#### [EXERCISE BRIEF]
Repeat the listing exactly, minus the pictures.

-.-.-

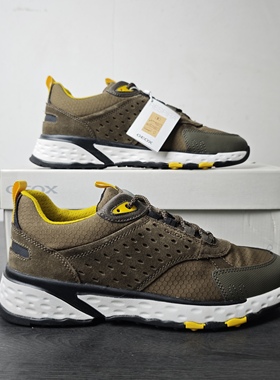 专柜撤柜GEOX健乐士U STERRATO系列 低帮轻便休闲鞋U25ECA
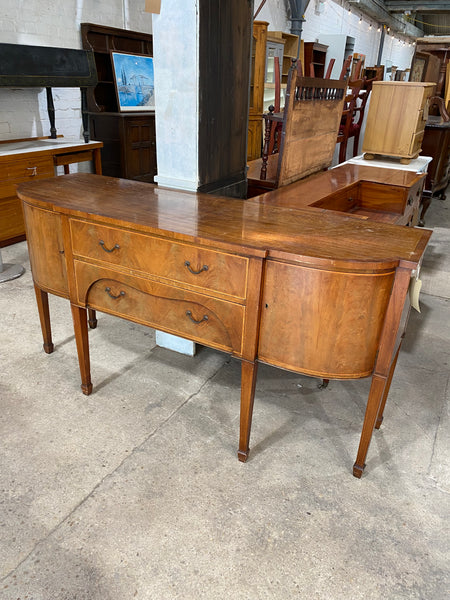 Large Antique Bow Front Sideboard
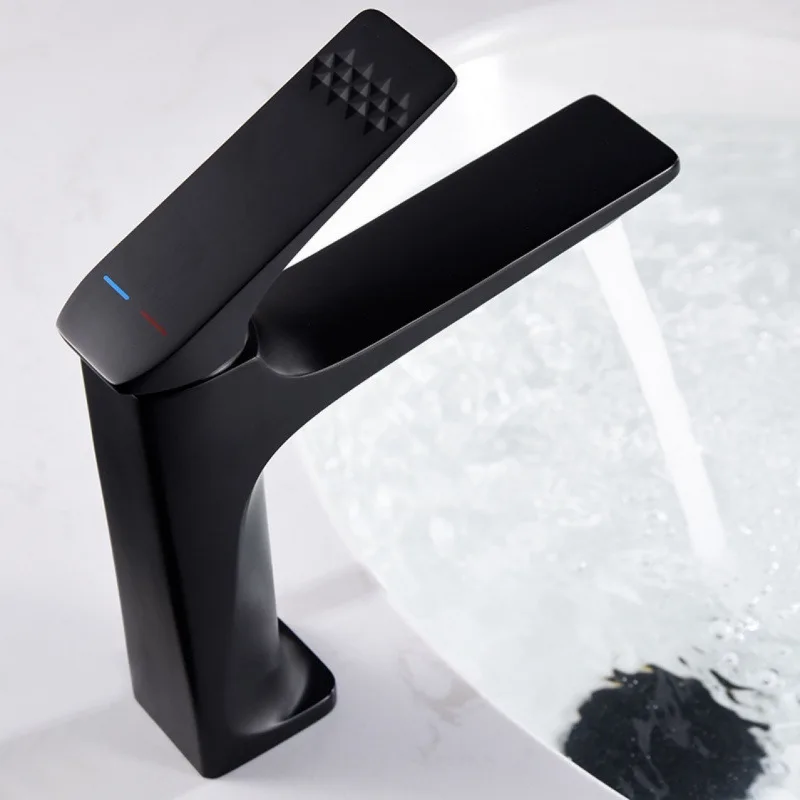 

High-end Bathroom Faucet Hot and Cold Sink Brass core Faucet Anti Splash Washbasin in The Bathroom Bathroom Sink Tapware Tap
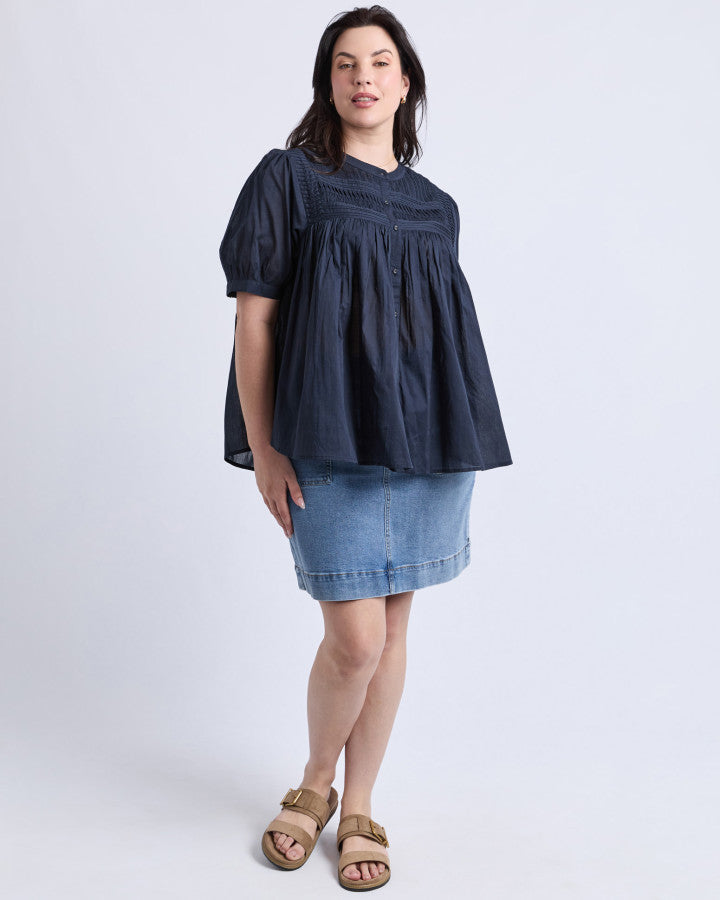 Monty Shirt | Navy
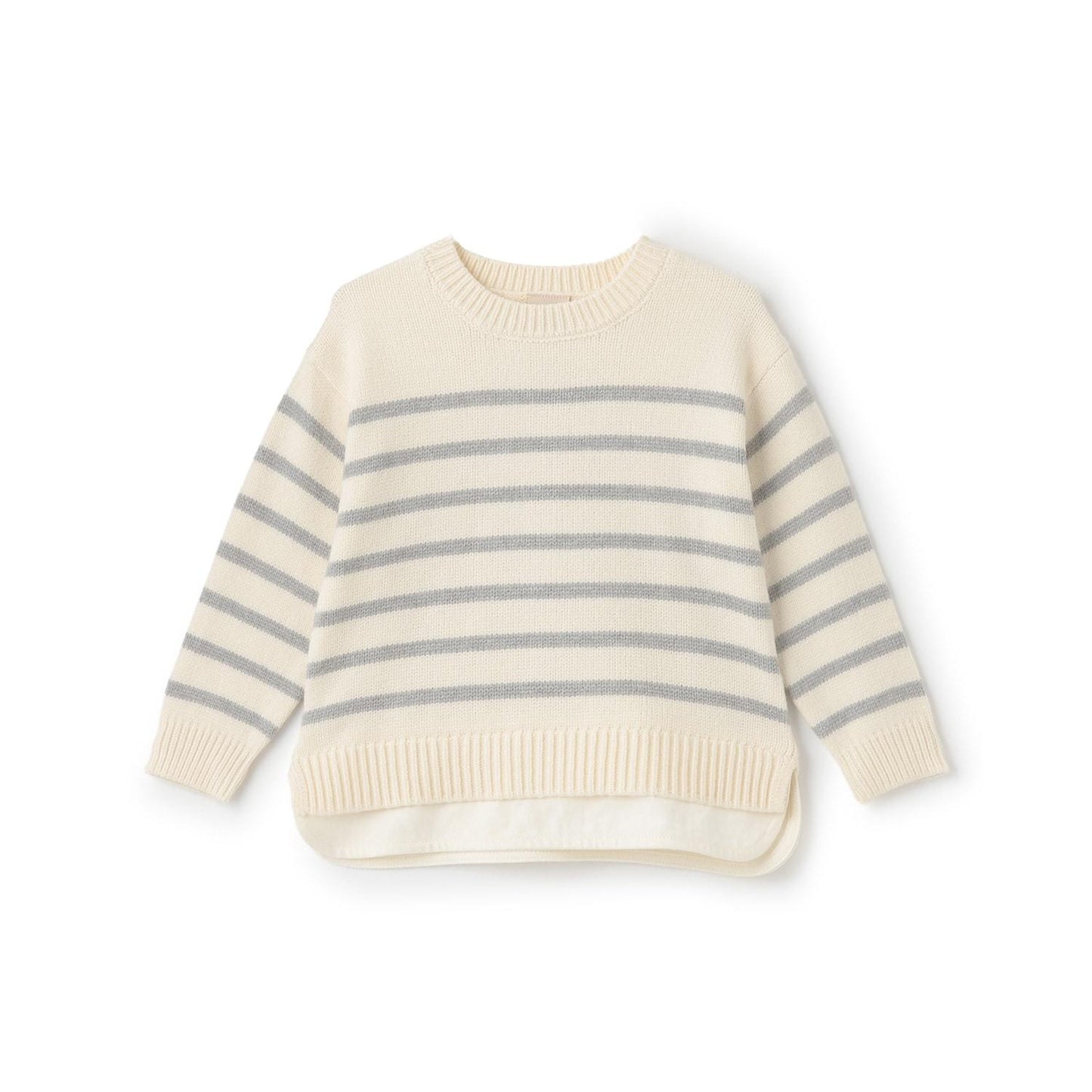 【可水洗】條紋針織衫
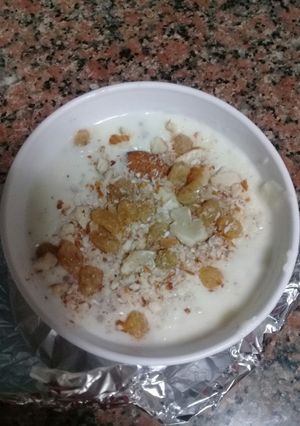صورة لوصفة مهلبية بالمكسرات 🤗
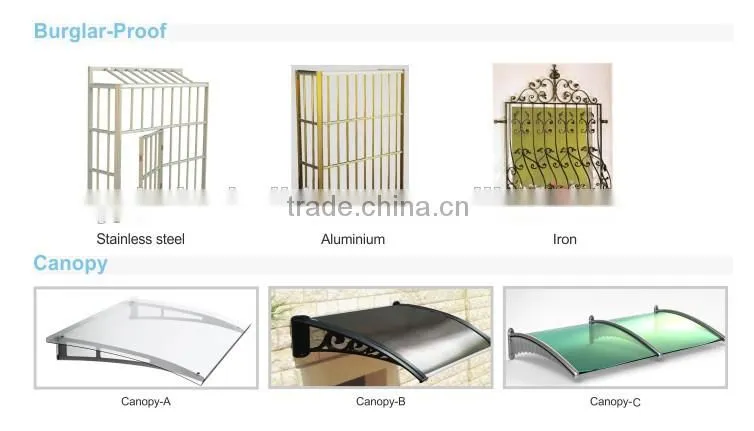 Yekalon Environmental UPVC window Sliding pvc window profile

-.-.-

#### [WRITTEN RESPONSE]
 专柜撤柜GEOX健乐士U STERRATO系列 低帮轻便休闲鞋U25ECA
 Large Antique Bow Front Sideboard

High-end Bathroom Faucet Hot and Cold Sink Brass core Faucet Anti Splash Washbasin in The Bathroom Bathroom Sink Tapware Tap
 Monty Shirt | Navy
 【可水洗】條紋針織衫
صورة لوصفة مهلبية بالمكسرات 🤗
 Yekalon Environmental UPVC window Sliding pvc window profile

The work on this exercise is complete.